Production monitoring
Production monitoring runs your scenarios on a schedule against your real production URL. Guard uses synthetic users — marked at every layer — to execute full user journeys (signup, checkout, webhooks) without polluting analytics or charging real money.
When a flow breaks in prod, Guard opens incidents, routes alerts to your on-call stack, and hands failures to Mender for triage and fix PRs.

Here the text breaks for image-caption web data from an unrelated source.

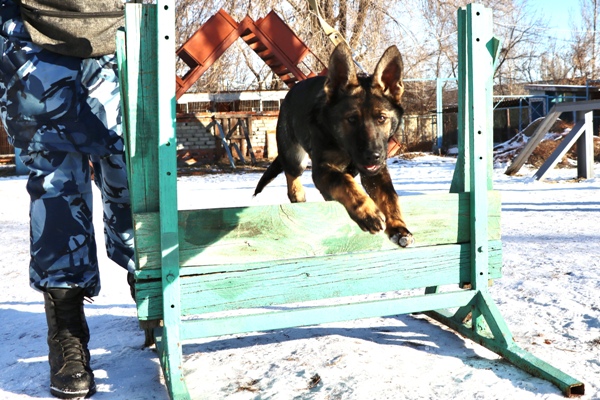 Щенок Вьюга.jpg Щенок Вьюга.jpg
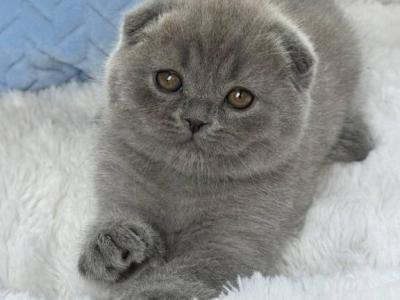 Watson - Scottish Fold - Gallery Photo #1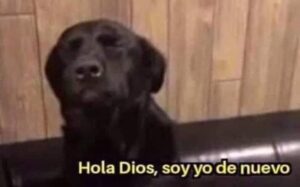 Meme que incluye la fotografía de un perro que cierra sus ojos. Le acompaña el texto: Hola Dios, soy yo de nuevo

Dashboard: app.molar.it/dashboard/guard → Monitoring · Product page: guard.molar.it
How production monitoring differs from PR gating
| Dimension | PR gating | Production monitoring |
|---|---|---|
| Trigger | pull_request webhook | Cron (scheduled_checks) |
| Target | Preview URL or Clones | Real production URL |
| Users | Clone identities | Synthetic prod users |
| Goal | Block bad merges | Detect regressions live users would hit |
| Run type | pr | schedule |
The same scenario file powers both — no second deployment of tests.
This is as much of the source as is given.